The great leap in Terrassa's fortunes came during the nineteenth century, when the textile industry transformed it into one of Catalonia's industrial powerhouses, specialising in wool. The boom produced some of the finest examples of Catalan Modernist industrial architecture anywhere – none more iconic than the Vapor Aymerich, Amat i Jover mill, a cavernous saw‑tooth‑roofed factory designed by the architect Lluís Muncunill, which now houses the mNACTEC, the Museum of Science and Technology of Catalonia. More than three hundred surviving Modernist chimneys still dot the skyline, each one a protected heritage symbol of the city's manufacturing past. Today, many of those old factories have been repurposed as business incubators, creative studios and design schools, and Terrassa has reinvented itself as a knowledge‑economy city – but the industrial bones remain visible everywhere. Seen from a high viewpoint on a cloudy March afternoon, as in this Click, Terrassa spreads out between its green corridor and the surrounding hills, with the light catching both the old factory roofs and the open countryside – a good reminder that this is a place where Roman bishops, medieval monks, industrial barons and twenty‑first‑century designers all left their mark on the same patch of earth.
Where: Montsuzain, Aube, France
Feed: Travel

We close this week with a Clickstar on a journey through the quiet heart of France. The coordinates of this Click place it near Montsuzain, a tiny rural commune of about four hundred inhabitants – the Montsuzanois, as they are officially known – in the Aube department of the Grand Est region, roughly twenty kilometres north of the medieval city of Troyes. The village is built around a wood that has grown up alongside the Barbuise, a modest thirty‑six‑kilometre river that rises near Luyères, flows through a string of small farming communes including Montsuzain, and eventually empties into a branch of the Aube near Charny‑le‑Bachot. Rural cottages with exposed brickwork and timber‑framed farmhouses are the signature of the landscape here – a quiet, unhurried countryside where more than ninety percent of the surrounding land is given over to farming, mainly wide‑open fields of cereals that stretch to the horizon.
Despite its modest size, Montsuzain carries traces of both deep history and quiet resilience.

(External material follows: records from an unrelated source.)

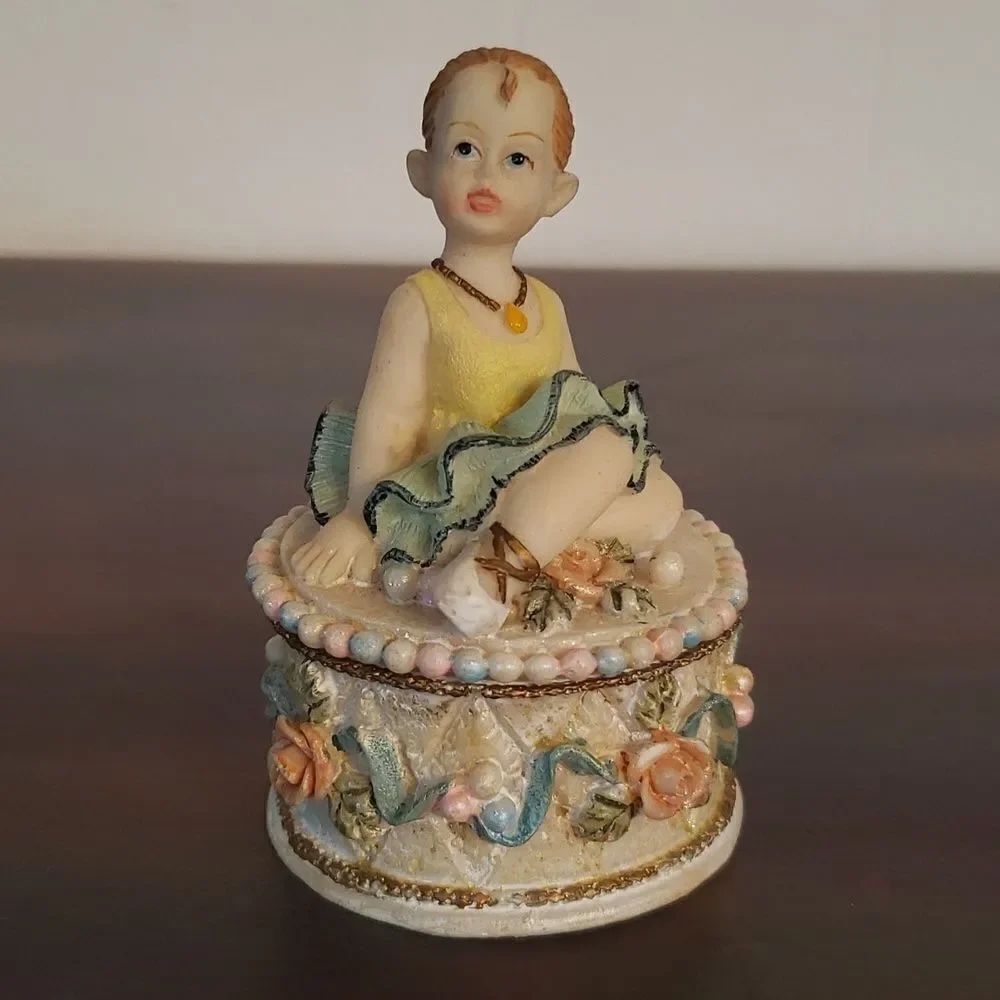 Vintage Small Ballerina Resin Trinket Box
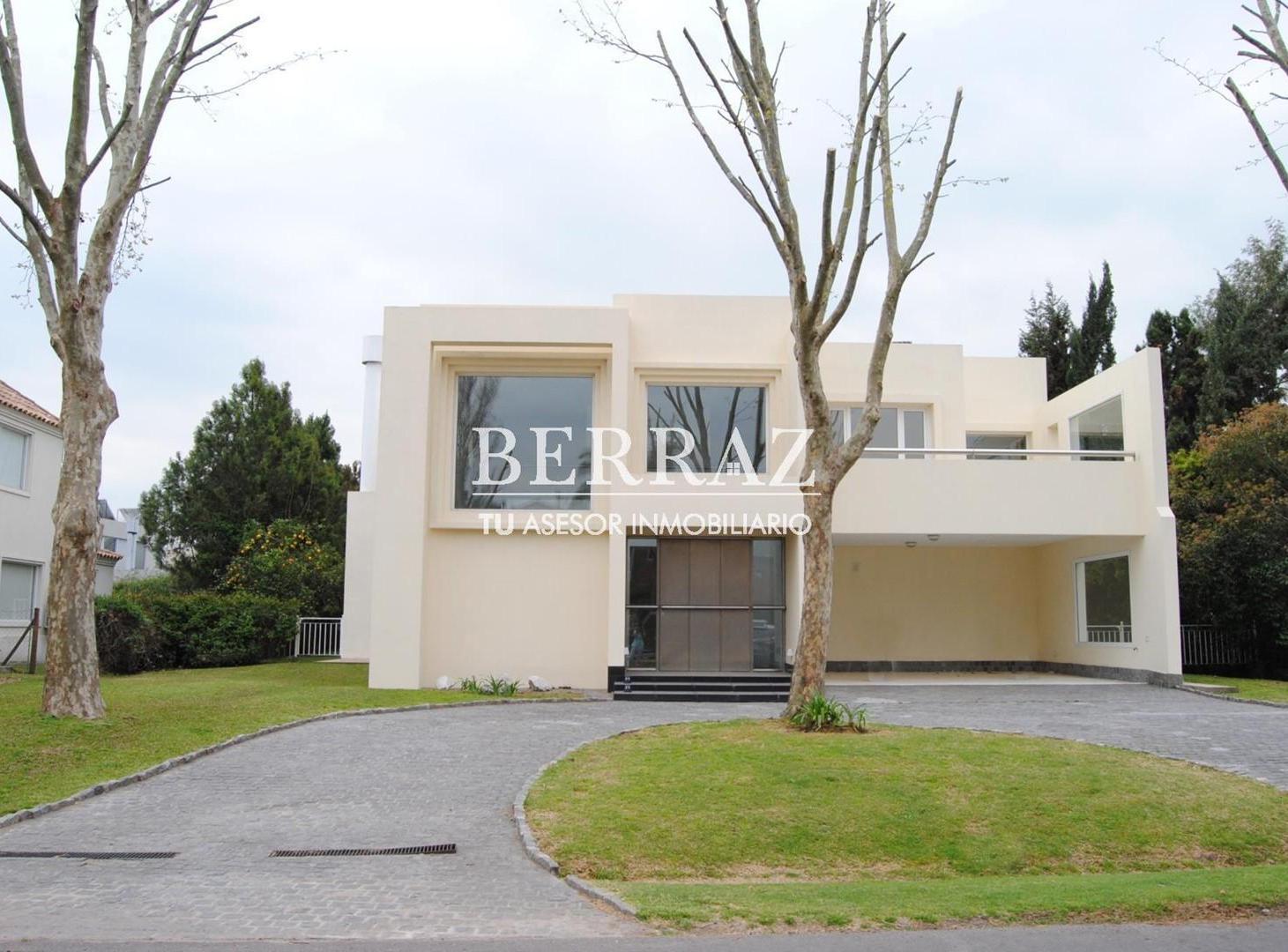 Casa venta 5 ambientes en Ayres De Pilar lote de 1000 m2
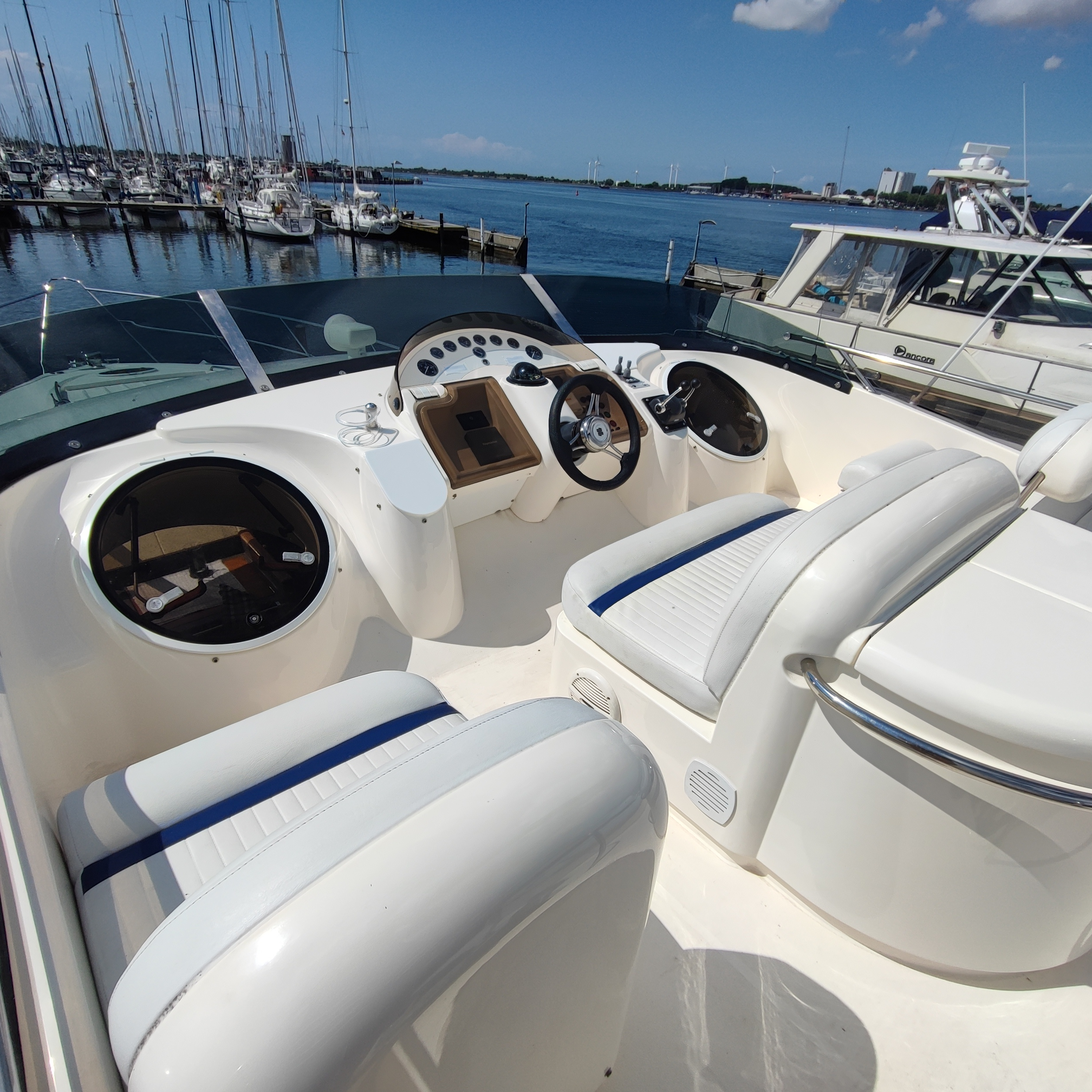 Fairline Squadron 50 — foto 16 van 24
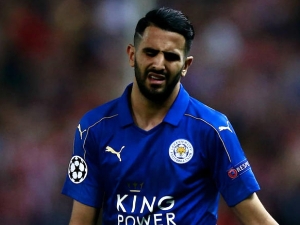 Riyad Mahrez, cíl Arsenalu, říká: Žádná nabídka na stole neleží. Wengerovým komplimentům navzdory
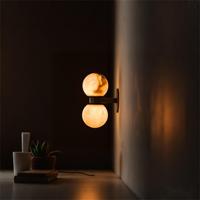 Lampe murale LED moderne en marbre doré vérifiée par APCITL avec lumière chaude 3000K à intensité variable pour la maison, le bureau et l'hôtel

At its centre stands the Église de la Conversion‑de‑Saint‑Paul, a church whose transept pillars date to the twelfth century and whose sixteenth‑century stained‑glass windows have been classified as historic monuments since 1913. Near the village bridge over the Barbuise, a stele commemorates the seventy‑five soldiers who fell defending the village on 15 June 1940, choosing to stand and fight rather than surrender – a small, poignant memorial in a very small place.
The wider Aube area sits within the chalky Champagne plain – a landscape the Romans named Campania, literally "land of the plains". For centuries this chalk country was considered poor and dull, but modern farming techniques and fertilisation turned it into one of France's most productive cereal‑growing regions, and of course the chalky subsoil is the same geological gift that gives Champagne wines their famous minerality further south. The Aube's own viticultural history is a rebellious one: when the Champagne appellation was first drawn up in 1908, the Aube was deliberately excluded – deemed too far south, too Burgundian – until the vignerons revolted in the dramatic riots of 1911 and eventually won their rightful place under the Champagne label in 1927. Taken from inside a truck on a winter afternoon, this Click catches these fields when they are mostly bare and the light is low and soft, the straight farm roads becoming perfect vanishing lines in the windscreen, guiding you out into a countryside that is not postcard France but something arguably more honest – the quiet, chalky, working land you simply pass through on the way between cities, the kind of place where a twelfth‑century church, a war memorial and an endless horizon of wheat stubble all share the same roadside without asking for attention.
That wraps this edition of Clicks of the Week—five certified Clicks, five local stories, and one shared thread: real places and real moments, captured as‑they‑happened and turned into verifiable, on‑chain records inside the Digital Trust Network. Week after week, our Clickstars show that authenticity is not a filter but a deliberate act, and that once a moment is signed, stored, and surfaced as trusted media, even a quiet truck road, a wind‑carved dune or a late‑night gallery stroll can outlast the scroll.
Want to be featured next? Keep Clicking, keep signing, and keep showing the world what authentic looks like—one capture at a time.
Now, go relax and enjoy your weekend!
And please, help us spread the word about Click. Encourage your friends and family to submit their Clicks too - it's becoming the top destination for the best, most reliable media. Every contribution helps us improve our collection and gets great content seen by more people.
Did you know that you can submit your favourite photos to ClickAI? It will provide feedback on how you can improve your next shots. Simply log into www.clickapp.com with your Click camera via WalletConnect, select your image, and click on AI✨ below your image.
With the latest update of the Nodle app, you can submit your favourite Clicks to the AI agent in the apps chat interface. Less friction, more opportunities!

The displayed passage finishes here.